Sin embargo, en el fondo de este torbellino, late una chispa, un susurro de redención. Porque incluso en nuestra huida, llevamos con nosotros el germen de la valentía y la semilla de la verdad. Está en ese temblor que se apodera del cuerpo, en el parpadeo de los ojos que se apartan de la pantalla para mirar por la ventana, en el suspiro que escapa al apagar las luces, dejando que el silencio hable. Somos más que nuestras fugas, más que nuestras máscaras. Somos los portadores de un corazón que, aunque herido, sigue latiendo; de una mente que, aunque nublada, sigue buscando; de una esencia que, aunque cansada, sigue esperando que la descubramos.

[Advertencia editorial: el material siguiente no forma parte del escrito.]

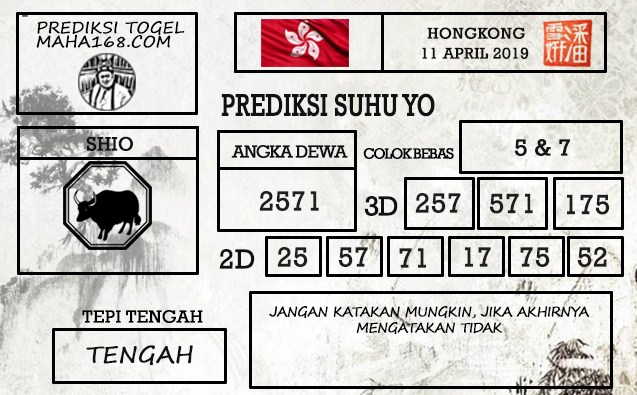 Prediksi Togel Hongkong Hari Ini Tanggal 11 April 2019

Entonces, ¿qué nos queda? Alzar la mirada, quizá. Dejar de correr y pararnos, con los pies hundidos en la tierra húmeda, frente a esa realidad que tanto tememos. No es un monstruo, después de todo, sino un reflejo de nosotros mismos: imperfectos, rotos, pero también vastos, profundos y llenos de posibilidades. Enfrentarla no es rendirse, sino despertar. Es tomar el dolor y transformarlo en lección, la pérdida en memoria, el miedo en combustible. Es caminar con las cicatrices a la vista, no como trofeos, sino como mapas que nos recuerdan quiénes somos y de dónde venimos.

La vida no pide que seamos invencibles, sino que estemos presentes. Que abracemos sus días luminosos y sus noches oscuras, que dancemos con sus alegrías y lloremos sus duelos. No hay refugios que valgan la pena si nos alejan de nosotros mismos, no hay mentira que resista el peso de la verdad. Así que dejemos de construir murallas de humo, dejemos de buscar atajos en el desierto. La existencia es un sendero sin fin, y la única forma de recorrerlo es con los ojos abiertos, el corazón expuesto y las manos dispuestas a tocar, a sentir, a vivir. No hay evasión que cure, no hay sombra que redima. Solo en la cruda luz de lo real encontramos nuestra fuerza, nuestra paz, nuestro lugar. Enfrentemos la vida, no como enemigos, sino como amantes valientes, sabiendo que cada paso, cada herida, cada amanecer nos pertenece. Porque huir es perderse, pero quedarse es encontrarse.